A significant outperformance in the September quarter for the 2022-23 financial year (Q2FY23) by agrochemical major PI Industries led to an 8.6 per cent surge in the stock price on Wednesday. While the stock has given up some gains in trade on Thursday on valuations concerns, prospects remain strong on the back of a robust order book in the custom synthesis and manufacturing (CSM) business.
Revenue momentum remains a key near-term trigger for the company. Sales in the CSM or the exports segment, which accounted for 72 per cent of its revenues in the quarter, were up 29 per cent year-on-year (YoY) on a higher base. This was led by 25 per cent growth in volumes while favourable prices and currency movement accounted for the rest.

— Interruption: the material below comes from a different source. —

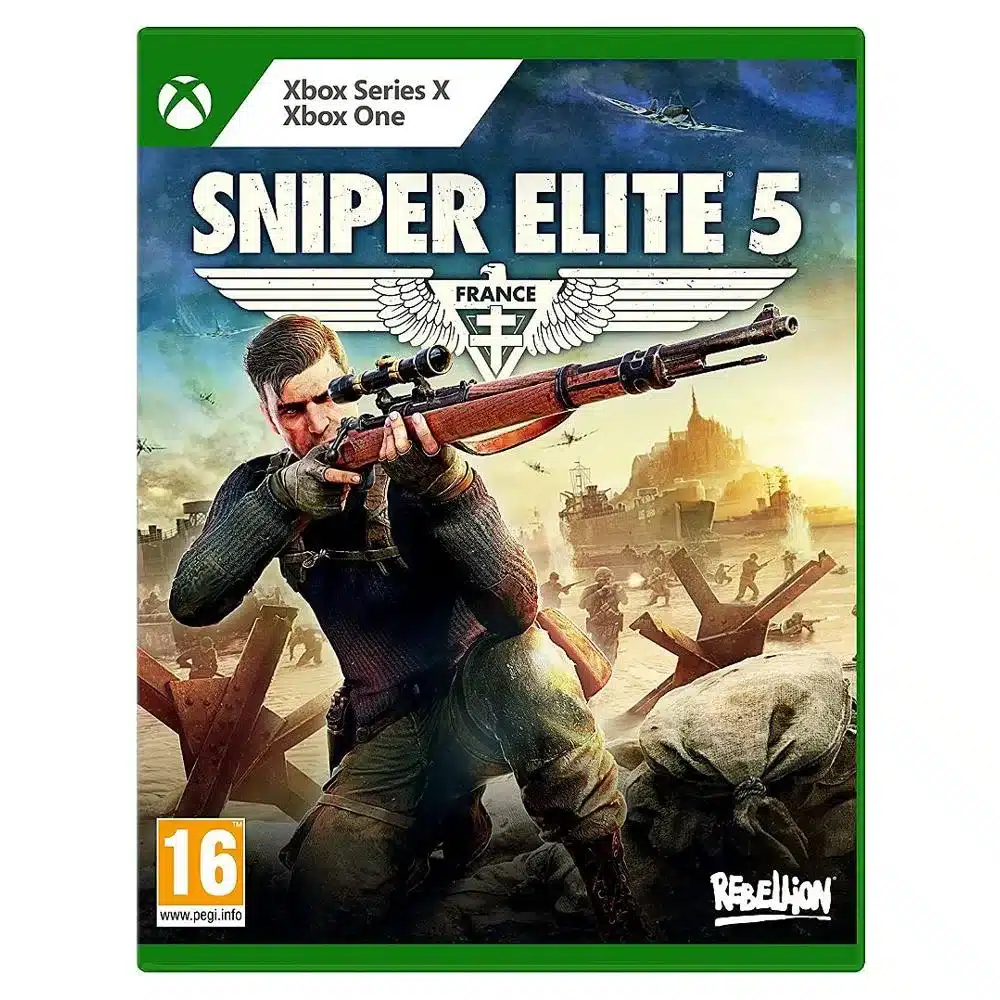 Jogos De Guerra Xbox One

The order book in the CSM segment saw a robust 29 per cent growth to $1.8 billion which offers good revenue visibility. Enquiries have been healthy in the first half (H1) of FY23 with about a quarter of them being in the non-agrochemical space. While the company commercialised one new molecule in the CSM space in H1FY23, it is looking at a total of seven molecules to be commercialised in the current year.
The domestic formulation business too saw traction with a 36 per cent revenue growth. This was aided by a 31 per cent growth in volume and 5 per cent uptick in prices. Growth in Q2 for this business, which has been muted as compared to exports over the last many quarters, was led by new launches. The company is looking at bringing out seven new products in the domestic business in FY23.
While the firm has posted a 30 per cent revenue growth in the first half of the year, it has stuck to its 20 per cent plus growth guidance for FY23. This, according to Abhijit Akella and Prasenjit Bhuiya of Kotak Institutional Equities, indicates that the phasing of CSM order deliveries is relatively front-ended in FY23. Revenue growth could also be hit by a correction in chemical prices and domestic business growth too could slow down in H2 on a normal base, they add.
Gross margins were slightly higher over the year ago period, rising 20 basis points (bps) to 45.2 per cent, with higher raw material prices being offset by price hikes and a favourable product mix. Profitability at the operating level was much better as the metric rose 280 bps to 24.4 per cent on volume led (operating leverage) gains and superior product mix. Given better than expected growth and margin expansion, brokerages have raised their earnings per share estimates for FY23 and FY24 by 5-9 per cent.
Prabhudas Lilladher Research expects the company to report a strong 21 per cent revenue growth and 25 per cent net profit growth over FY22-25 period. At the current price, the stock is trading at 35 times its FY24 earnings estimates; investors should await a better entry point.